Stored items

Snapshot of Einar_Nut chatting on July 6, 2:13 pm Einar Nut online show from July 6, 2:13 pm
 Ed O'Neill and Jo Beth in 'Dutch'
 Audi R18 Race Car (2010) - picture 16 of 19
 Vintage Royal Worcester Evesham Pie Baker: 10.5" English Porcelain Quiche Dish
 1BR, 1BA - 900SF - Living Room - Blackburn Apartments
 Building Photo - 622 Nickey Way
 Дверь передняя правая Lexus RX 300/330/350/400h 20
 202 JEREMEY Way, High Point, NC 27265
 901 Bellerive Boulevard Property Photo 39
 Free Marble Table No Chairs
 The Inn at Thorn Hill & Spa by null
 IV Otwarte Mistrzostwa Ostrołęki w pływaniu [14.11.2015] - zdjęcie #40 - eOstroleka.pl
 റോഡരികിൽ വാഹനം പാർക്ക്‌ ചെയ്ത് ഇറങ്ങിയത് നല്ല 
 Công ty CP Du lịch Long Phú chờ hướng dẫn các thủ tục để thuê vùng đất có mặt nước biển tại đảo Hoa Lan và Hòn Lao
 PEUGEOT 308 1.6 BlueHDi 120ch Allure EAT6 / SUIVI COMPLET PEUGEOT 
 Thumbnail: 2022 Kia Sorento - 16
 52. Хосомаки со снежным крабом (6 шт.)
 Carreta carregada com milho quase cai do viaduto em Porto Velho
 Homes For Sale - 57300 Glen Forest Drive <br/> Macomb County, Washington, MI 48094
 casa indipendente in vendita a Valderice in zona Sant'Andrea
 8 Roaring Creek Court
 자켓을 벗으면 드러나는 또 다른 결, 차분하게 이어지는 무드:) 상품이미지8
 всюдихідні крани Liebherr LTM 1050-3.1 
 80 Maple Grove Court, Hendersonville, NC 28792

WORK TASK = Would you count the lines in the data that contain "Court" and answer with only the number?

ANSWER BOX = 2